In the summer of 2014, Cody and I were studying the book of Job through Jon Courson's weekly teachings. After digging into his teachings, we both talked about how we were a little concerned the Lord was preparing us for something pretty hard. We even joked about quitting the book of Job because we were worried about the outcome. 5 months later we lost our first child through miscarriage and lost our second child through miscarriage 3 months after that. In retrospect, it's completely evident the Lord was preparing our hearts for what was to come. (Um..big time-DUH!) And because of that, I am so thankful for His faithfulness to strengthen my spirit in advance.

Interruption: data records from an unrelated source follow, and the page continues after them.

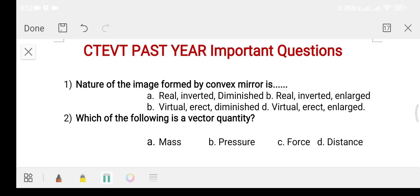Hello students, welcome to my YouTube channel. In this school video I am going to cover the past year question collection. If you like this channel, please subscribe and like this video.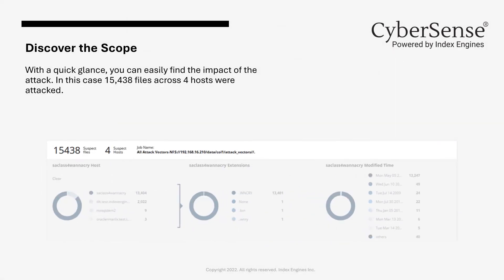Moving on to the next section of the dashboard, CyberSense will display the specifics of the files that have been corrupted. On the top bar, you will see the number of files and hosts that have been impacted. This will allow users to quickly understand the depth and breadth of the attack.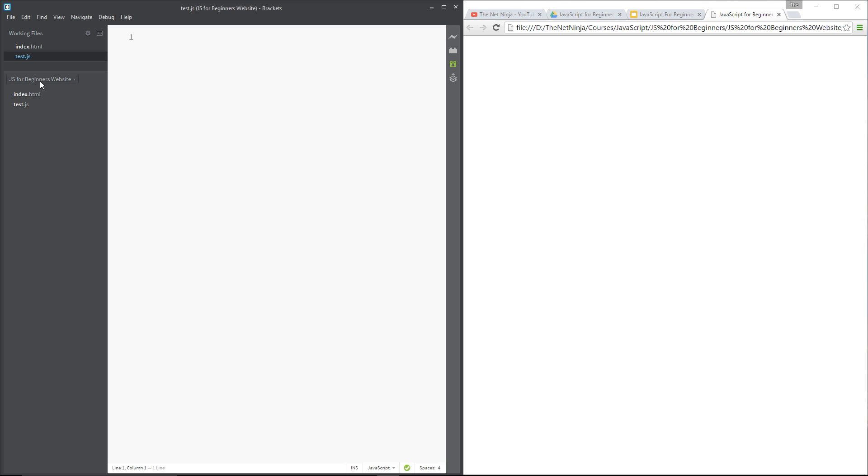Alright then guys, so I'm still in this test.js file over here and we're going to take a look at this while loop. Now a while loop is just another control flow system, much like the if statement, so we can execute certain code sections dependent on a condition.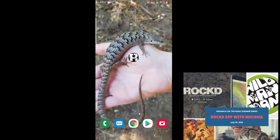Hi, this is Michael with Research on the Road. Today I'm going to give a tutorial for an absolute must-have app for anyone with an interest in geology, from a complete layperson to a professional. The app is called RockD and it's available on iOS and Android. I've gone ahead and downloaded the app, so let's dive in.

If you haven't read the book of Job, it's important to know that Job was considered blameless before the Lord. Job suffered greatly by losing everything he owned, losing his entire family and suffering from a painful illness. Often times, Christians will find comfort in this book of the Bible because Job suffered so much and still persevered through it all. Most importantly, he DID NOT turn away from the Lord in his suffering. When we experienced our difficult season, I loved reading about Christians who suffered and persevered because it encouraged me big time. So naturally, I revisited the book of Job after our losses and now I have a list of ways you can be there for someone who has lost a child through miscarriage or stillbirth.
In chapter 2 of Job, his friends hear about his great suffering and well, let's see what the Bible says:
"Now when Job’s three friends heard of all this adversity that had come upon him, each one came from his own place—Eliphaz the Temanite, Bildad the Shuhite, and Zophar the Naamathite. For they had made an appointment together to come and mourn with him, and to comfort him."
Pretty awesome but here's the best part....
"So they sat down with him on the ground seven days and seven nights, and no one spoke a word to him, for they saw that his grief was very great."
"And no one spoke a word to him!" They said NOTHING! Well, look at that! What did they say? Nothing!
And so we begin The Do's and Don'ts of caring for someone who has miscarried or lost a child through stillbirth.
The Do's
- THE BIG ONE: Be okay with not saying anything except maybe an "I'm so sorry. I can't imagine what you're going through."
- LPT: View their loss as if they lost a 6 month old baby. It will help your perspective quite a bit.
- LPT: View their loss as if they lost a 6 month old baby. It will help your perspective quite a bit.
- Be present and create a safe place for them to go.
- Pray for them tons!
- Send/deliver meals, treats or care packages to them.
- Remember them on hard days such as: the baby's due date, Mother's Day, the day they lost their baby and any other milestones. Send them a card or something thoughtful around those times.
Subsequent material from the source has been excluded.